Libération de militants chrétiens et musulmans arrêtés lors d’une manifestation de protestation contre les lois réprimant le blasphème

Publié le 18/03/2010




Le P. Arnold Heredia, ancien secrétaire de la Commission Justice et paix’, deux militants catholiques et un dirigeant musulman arrêtés le 10 janvier dernier, au cours d’une manifestation protestant contre les abus engendrés par l’application des lois sur le blasphème (1), ont été libérés dans la matinée du 16 janvier moyennant une caution de 30 000 roupies (environ 510 dollars). Quatorze musulmans, également arrêtés ce jour-là, devaient bénéficier d’une liberté sous caution dans la soirée du 17 janvier.

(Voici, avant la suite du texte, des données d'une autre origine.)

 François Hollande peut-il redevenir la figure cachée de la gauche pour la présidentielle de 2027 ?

La manifestation du 10 janvier dernier avait été très violemment réprimée par la police qui avait employé des matraques et des grenades lacrymogènes et s’était livrée à de nombreuses brutalités contre les manifestants. Un certain nombre d’entre eux avaient été arrêtés et incarcérés, accusés par la police d’avoir commis huit infractions au code pénal du Pakistan : rassemblement illégal, émeute, obstruction faite aux agents de la force publique, agression malveillante, tentative de meurtre, etc. Par suite, les policiers avaient obtenu du tribunal la détention préventive des inculpés jusqu’au 16 janvier. Cependant, les charges retenues contre le P. Heredia ont été aujourd’hui abandonnées. Il faut sans doute voir là le résultat de nombreuses pressions intérieures et extérieures qui se sont exercées sur les pouvoirs publics les jours précédents.

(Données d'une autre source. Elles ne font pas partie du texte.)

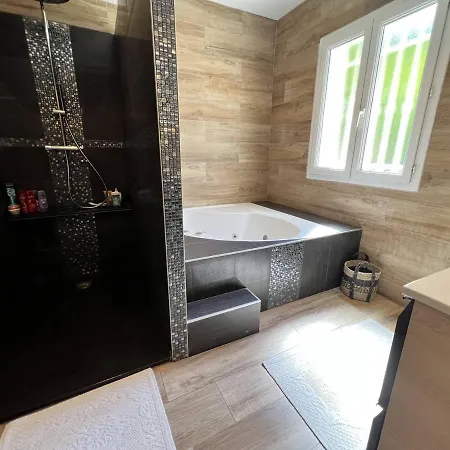 De Luxe 4 Avec Piscine Chauffee Et Amenagements De Gamme, - Fr-1-726-32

Trois jours après l’arrestation, environ 300 femmes chrétiennes et musulmanes s’étaient rassemblées devant le commissariat de police de Karachi pour un “sit-in” de protestation contre la détention des manifestants. Les manifestantes, certaines originaires de la province du Sind, d’autres de Karachi, toutes portant des pancartes protestant contre l’incarcération des manifestants, s’étaient dispersées au bout de quatre heures, un magistrat étant venu les assurer que les prisonniers seraient libérés le 15 janvier. Elles avaient toutefois promis de revenir si la libération des détenus n’avait pas lieu.

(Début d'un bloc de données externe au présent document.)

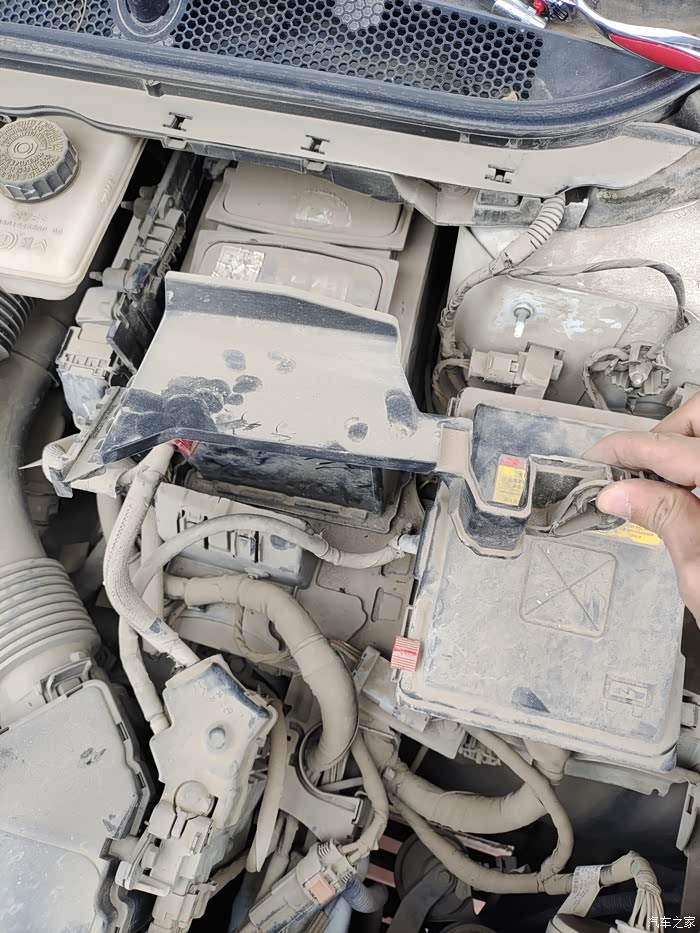 自己动手换电瓶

L’initiative de la manifestation du 10 janvier dernier avait été prise par un collectif d’organisations musulmanes, dont certaines comme le Sarfaroshan-i-Islam combattent depuis longtemps les abus engendrés par l’application des lois sur le blasphème. Ce sont elles qui avaient également lancé des invitations à l’adresse des chrétiens. Ces derniers, heureusement surpris par ce geste, avaient immédiatement donné leur accord. Un militant chrétien avait ainsi commenté sa participation à la manifestation : “S’ils demandent le retrait complet des lois sur le blasphème et soutiennent la demande des minorités religieuses d’un électorat unique, nous les rejoindrons. Même s’ils ne nous ont pas soutenus dans le passé, nous protesterons avec eux”.

Depuis leur mise en application, l’article 295-C du code pénal, prévoyant la mort pour les blasphèmes contre le prophète Mohamed, et l’article 295-B, punissant d’emprisonnement à vie les auteurs de blasphème portant sur le Coran (2), ont donné lieu à beaucoup d’abus et ont servi notamment à régler toutes sortes de conflits entre personnes privées. On a constaté également que ces dispositions législatives ont fait se multiplier les violences anti-chrétiennes. Le 6 février 1997, des émeutes dirigées contre les chrétiens avaient détruit 13 églises et 1 500 maisons particulières (3). Dans les années qui ont suivi, plusieurs autres prétendus blasphèmes ou profanations du Coran ont fourni le prétexte à des manifestations dirigées contre les minorités religieuses du pays.